EXERCISE REQUIREMENTS:
Output the entries exactly as they appear. Pictures should not be included.

DATASET:
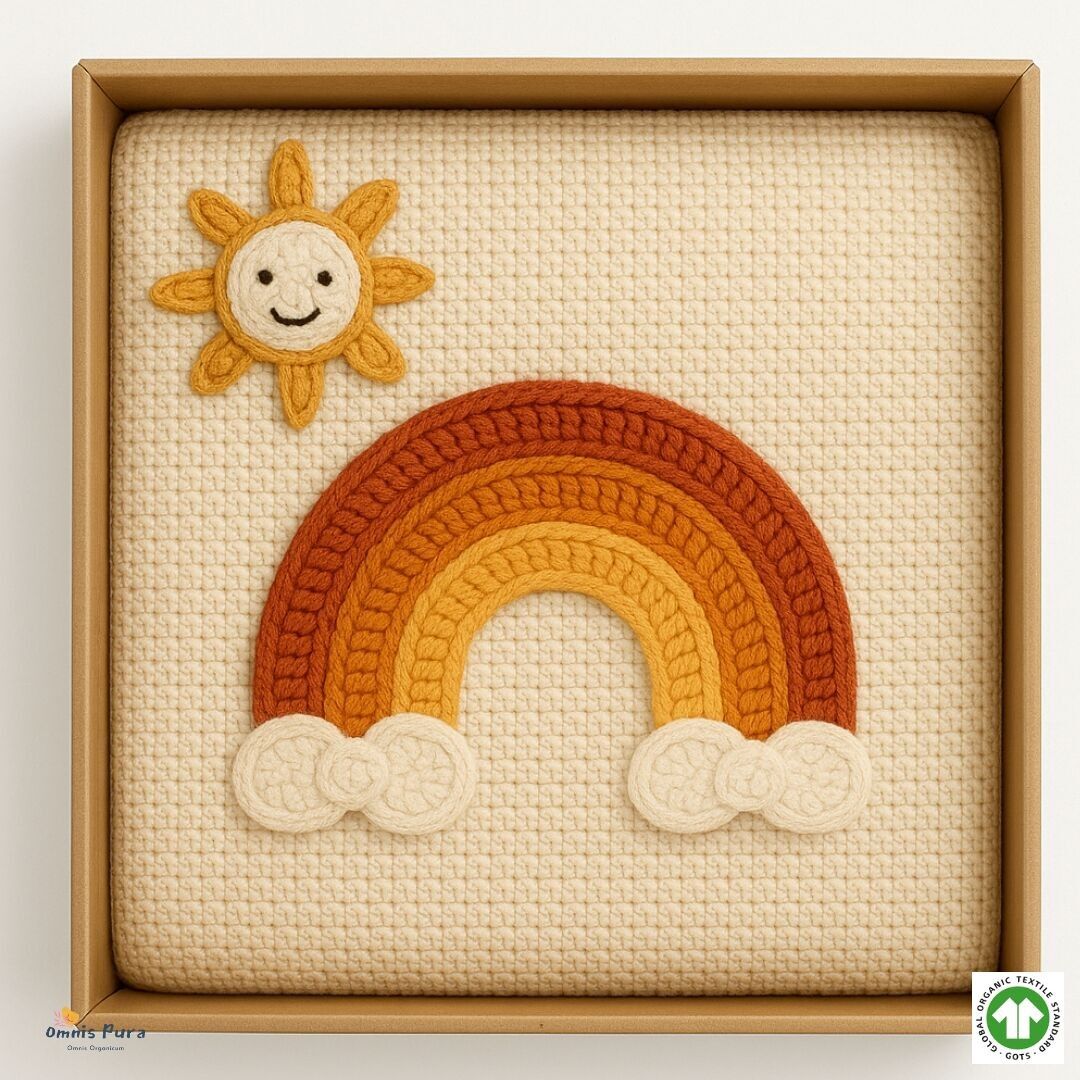 Organic GOTS-Certified 100% Cotton Baby Blanket–2D Crocheted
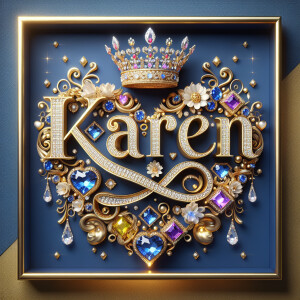 VCraft a 3-D image showcasing the name 'KAREN' in a luxurious go...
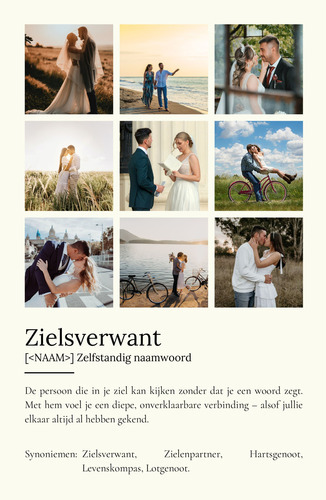 Personaliseer je "Soulmate" Duden-stijl poster met fotocollage en betekenisvolle tekst!
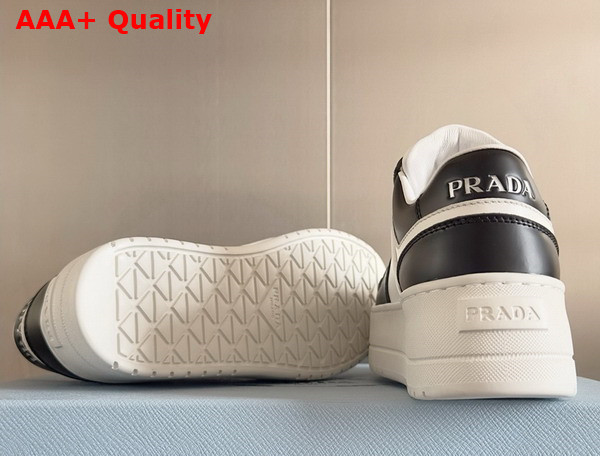 Prada Downtown Bold Leather Sneakers in Black and White 1E792M Replica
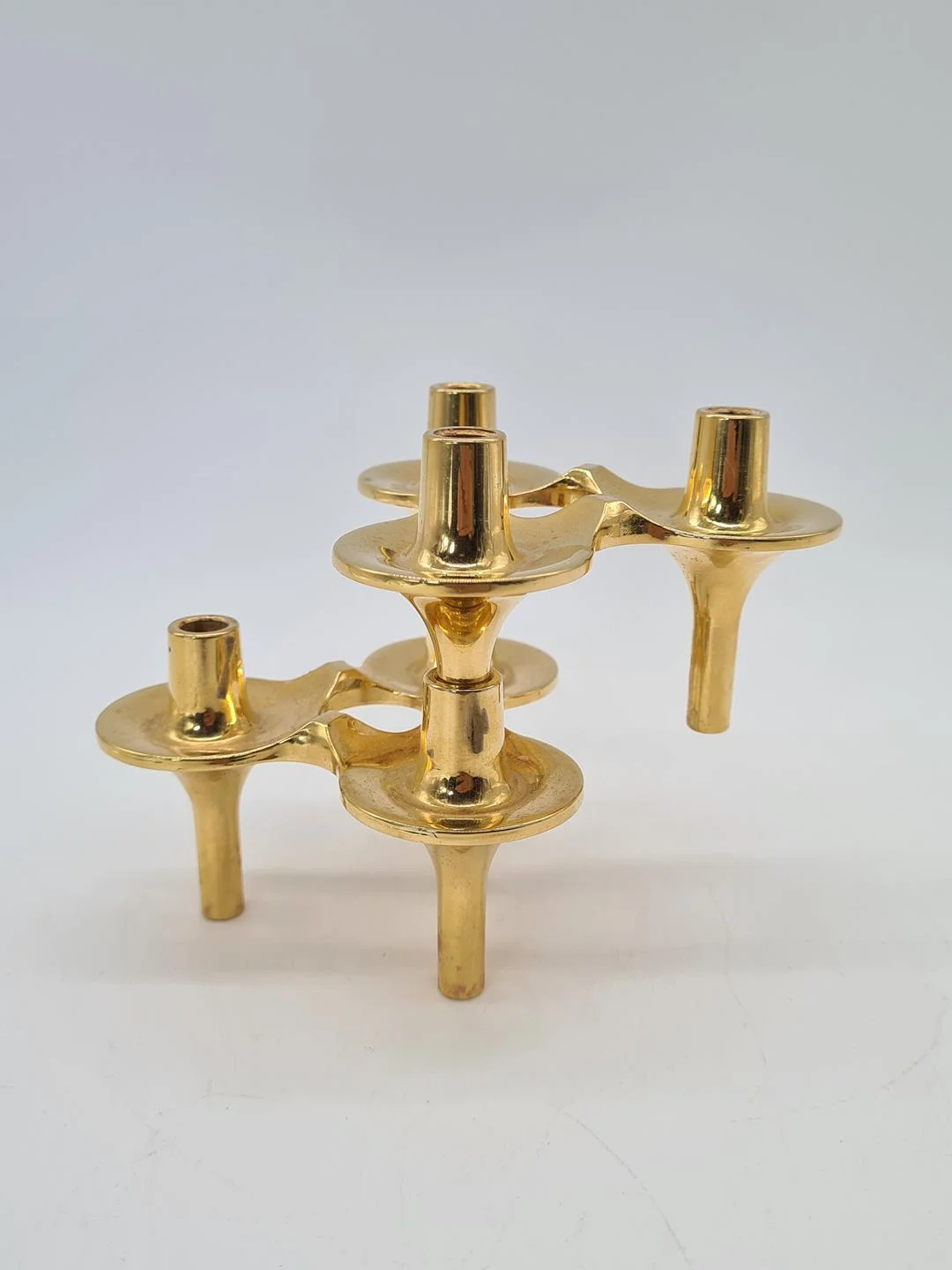 Orion modular brass candle holders, BMF, Denmark, 1970s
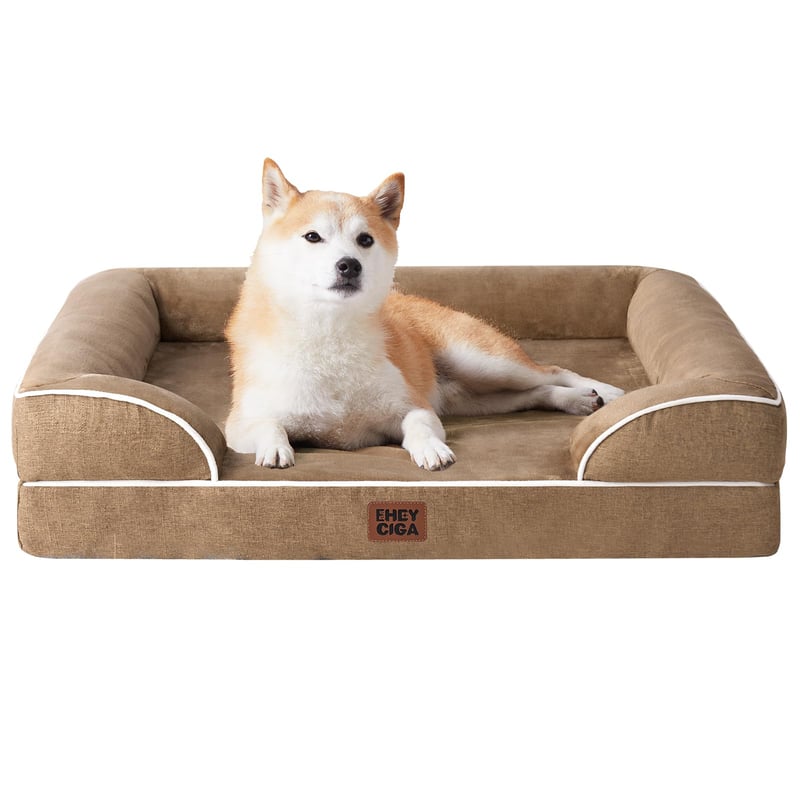 Ortopedický pelech pre psov EHEYCIGA pre malé plemená, 89x56 cm, s pamäťovou penou, prateľný, vodoodolný, protišmykový, gauč pre psov s vysokým okrajom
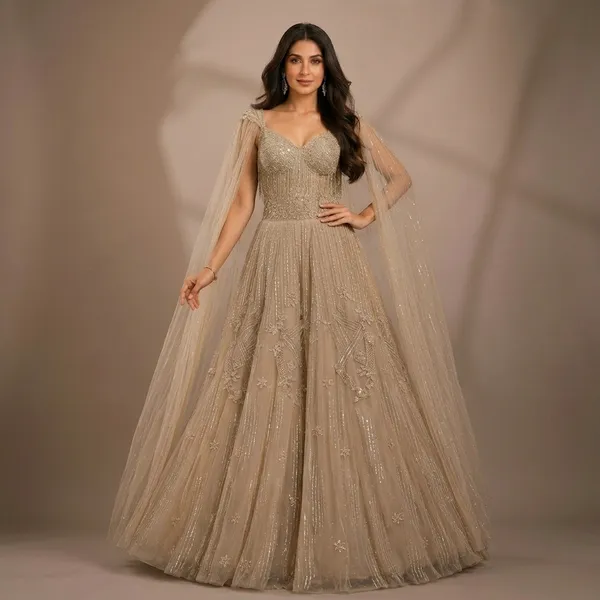 Beige_Premium_Net_Stitched_Gown_For_Women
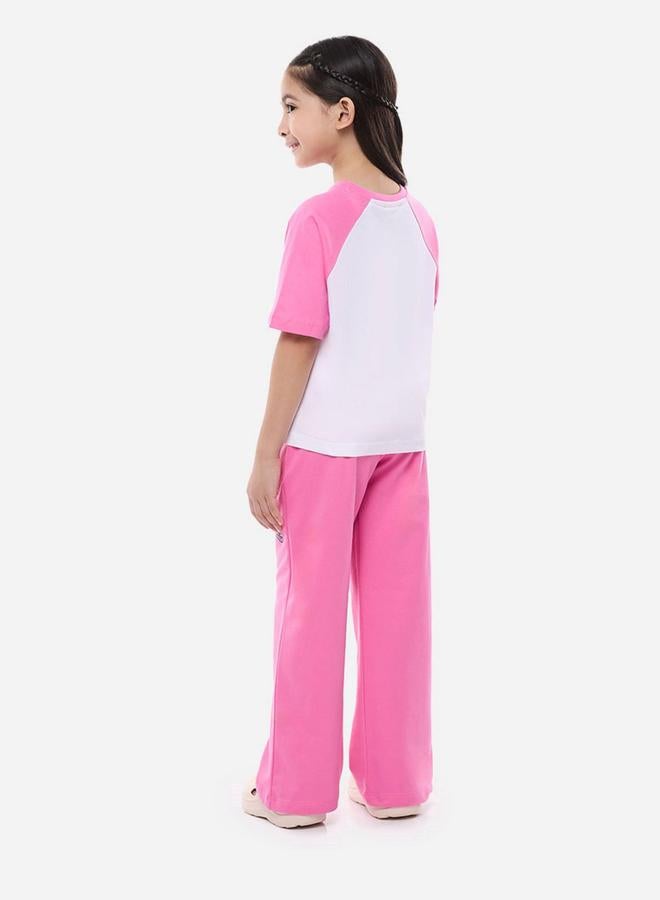 victor and jane Victor and Jane Slogan Print Knit Crop Top and Wide-Leg Pants Set - Image 2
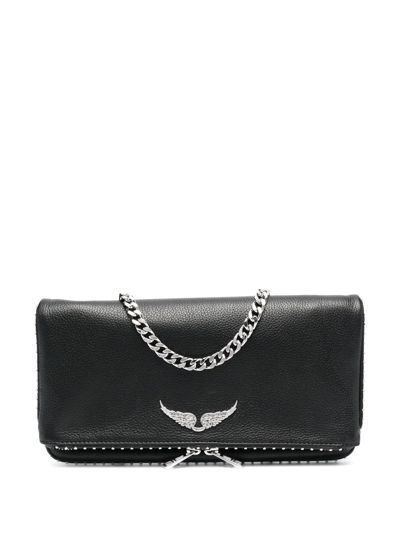 Shop Zadig & Voltaire Logo-plaque Stud-embellished Shoulder Bag In Black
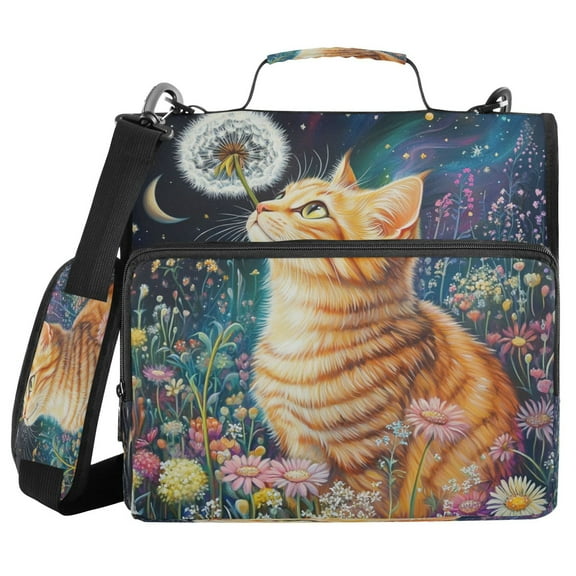 YAZAOO Zipper Binder trapper keeper Documents Organized Design Cosmic Cat Printed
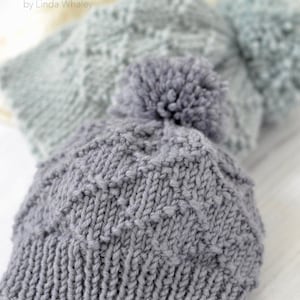 EASY BOBBLE HAT Knitting Pattern Baby Child Adult Jasper image 2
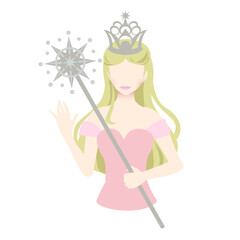Vector art of The “Good Witch of the South” with her dress and magic wand.Reminiscent of the Wizard of Oz and other fairy tales.	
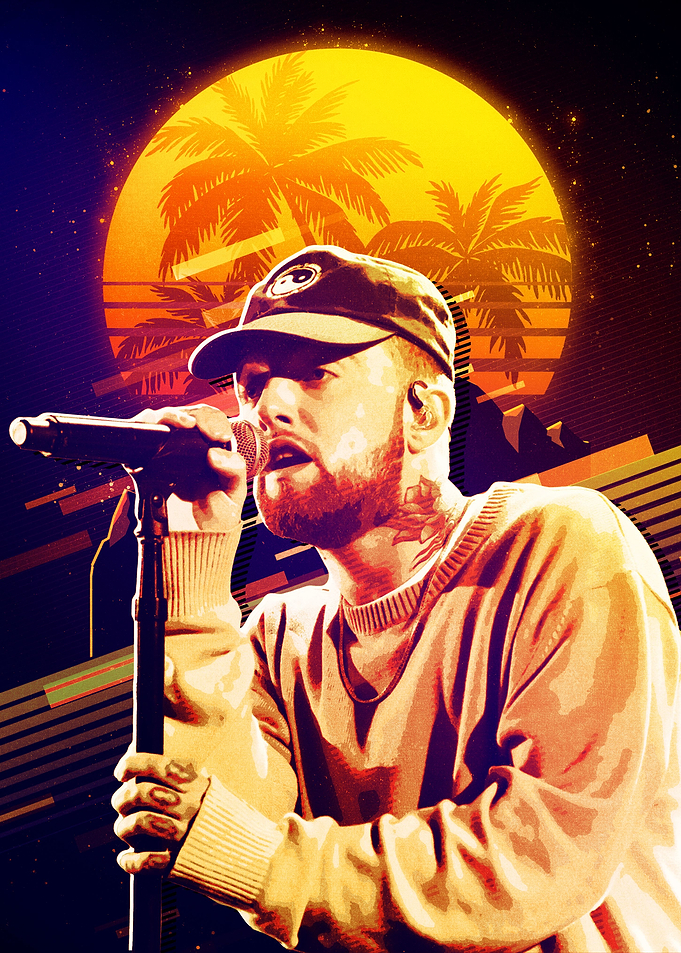 Mac Miller Retro Poster
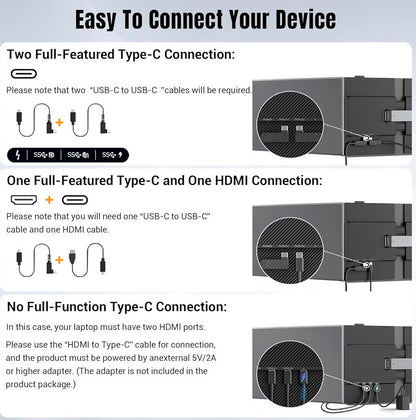 14-inch 1080P Laptop Screen Extender Ultra-Thin IPS Triple Monitor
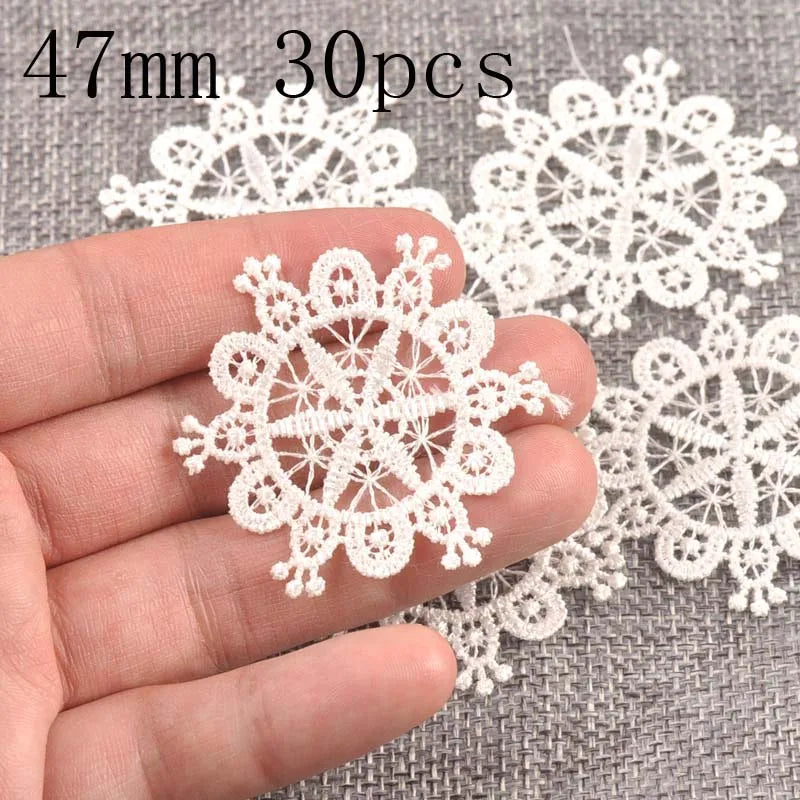 Flower White Lace Applique Mesh Trim For Sew On Guipure Fabric Wedding Supplies Home Decoration - 47mm 30pcs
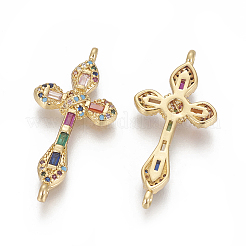 Brass Micro Pave Cubic Zirconia Links&nbsp;X-ZIRC-O034-16G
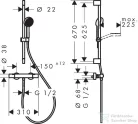 Hansgrohe ACTIVERA Select S termosztátos zuhany csaptelep zuhanyszettel, króm 28876000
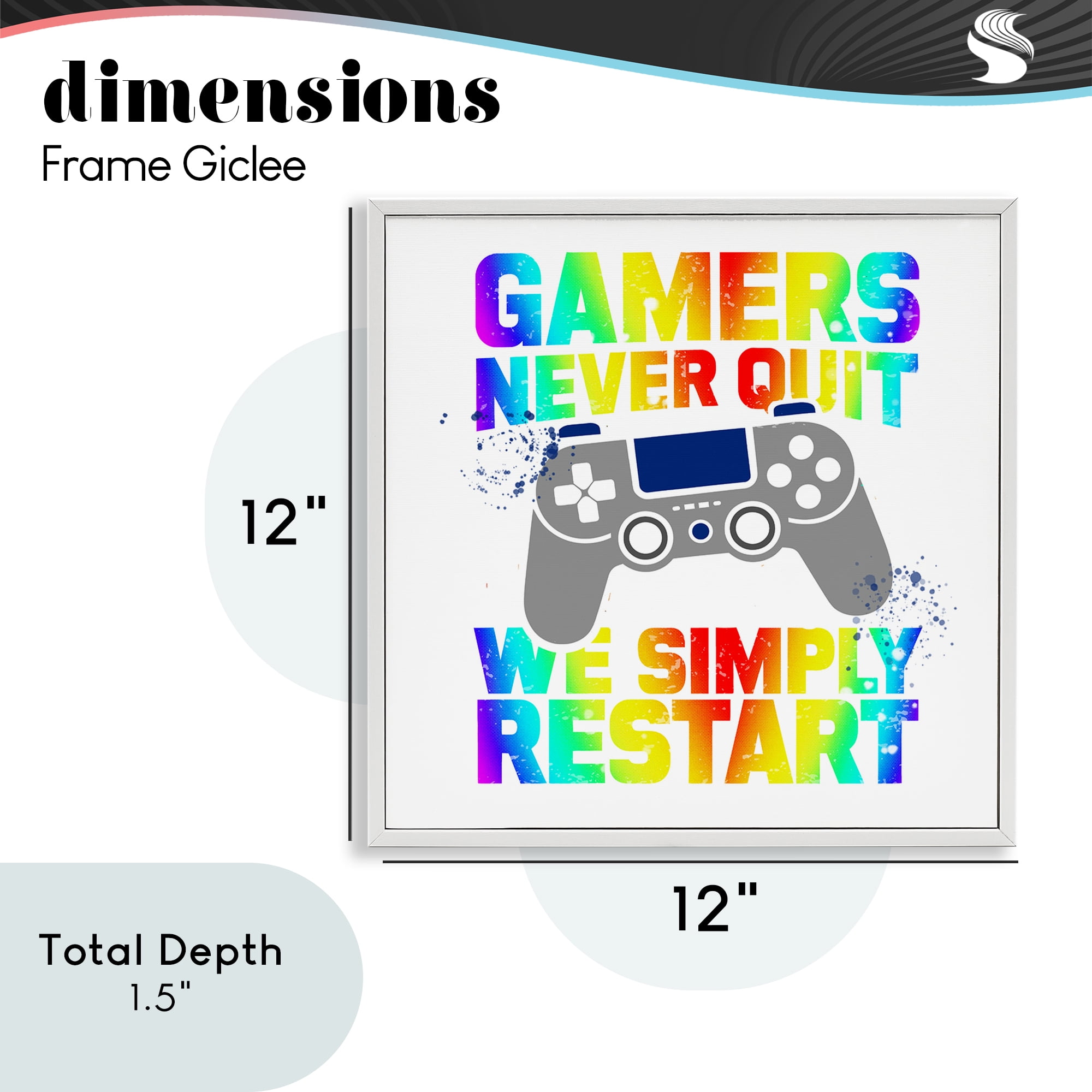 Rainbow Gamers Never Quit White Framed Giclee Art, design by Kim Allen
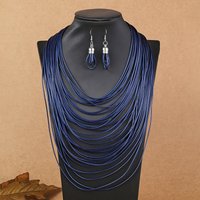 Colorful Multi-layer Leather Cord Wax Rope Chain Necklace Jewelry Set For Women String Cord Necklace Earrings Set Jewelry Gifts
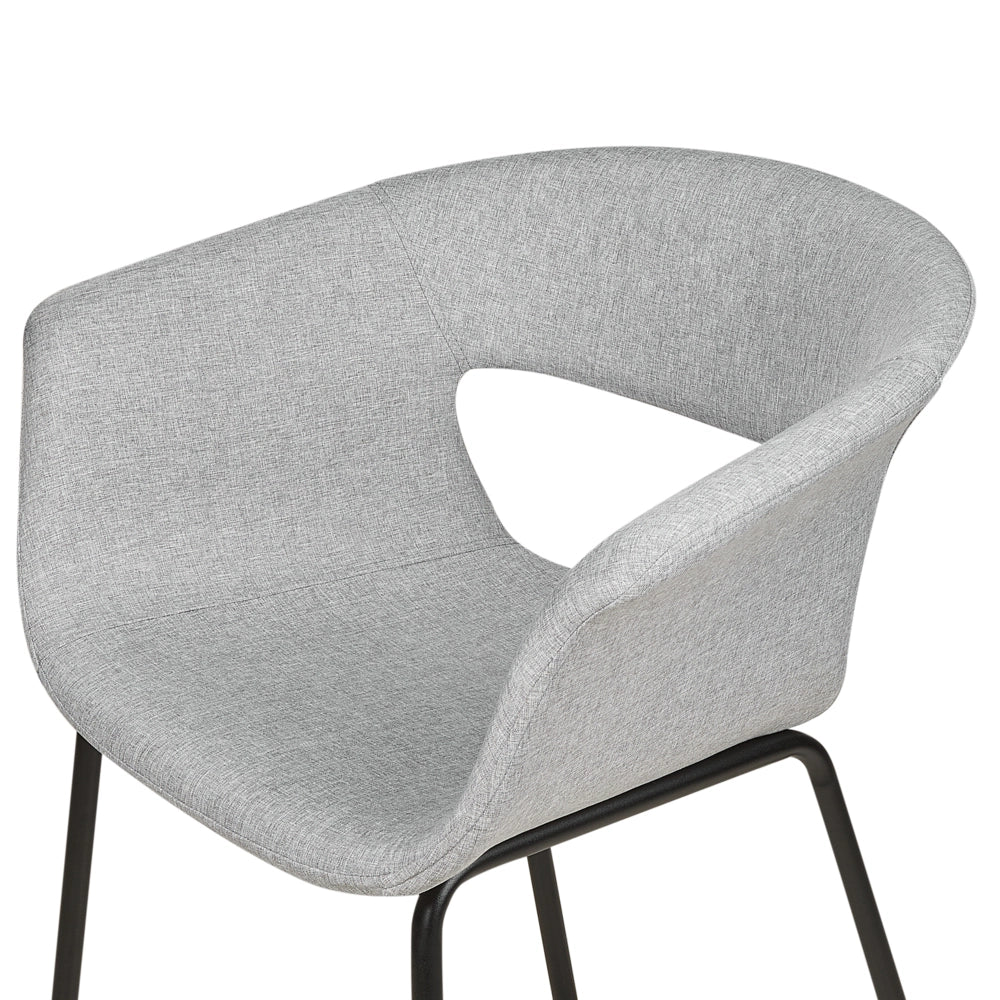 Set di 2 sedie da pranzo Sedute in poliestere grigio Gambe in metallo per sala da pranzo cucina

ANSWER BOX:
 Organic GOTS-Certified 100% Cotton Baby Blanket–2D Crocheted
 VCraft a 3-D image showcasing the name 'KAREN' in a luxurious go...
 Personaliseer je "Soulmate" Duden-stijl poster met fotocollage en betekenisvolle tekst!
 Prada Downtown Bold Leather Sneakers in Black and White 1E792M Replica
 Orion modular brass candle holders, BMF, Denmark, 1970s
 Ortopedický pelech pre psov EHEYCIGA pre malé plemená, 89x56 cm, s pamäťovou penou, prateľný, vodoodolný, protišmykový, gauč pre psov s vysokým okrajom
 Beige_Premium_Net_Stitched_Gown_For_Women
 victor and jane Victor and Jane Slogan Print Knit Crop Top and Wide-Leg Pants Set - Image 2
 Shop Zadig & Voltaire Logo-plaque Stud-embellished Shoulder Bag In Black
 YAZAOO Zipper Binder trapper keeper Documents Organized Design Cosmic Cat Printed
 EASY BOBBLE HAT Knitting Pattern Baby Child Adult Jasper image 2
Vector art of The “Good Witch of the South” with her dress and magic wand.Reminiscent of the Wizard of Oz and other fairy tales.	
 Mac Miller Retro Poster
 14-inch 1080P Laptop Screen Extender Ultra-Thin IPS Triple Monitor
 Flower White Lace Applique Mesh Trim For Sew On Guipure Fabric Wedding Supplies Home Decoration - 47mm 30pcs
 Brass Micro Pave Cubic Zirconia Links&nbsp;X-ZIRC-O034-16G
 Hansgrohe ACTIVERA Select S termosztátos zuhany csaptelep zuhanyszettel, króm 28876000
 Rainbow Gamers Never Quit White Framed Giclee Art, design by Kim Allen
 Colorful Multi-layer Leather Cord Wax Rope Chain Necklace Jewelry Set For Women String Cord Necklace Earrings Set Jewelry Gifts
 Set di 2 sedie da pranzo Sedute in poliestere grigio Gambe in metallo per sala da pranzo cucina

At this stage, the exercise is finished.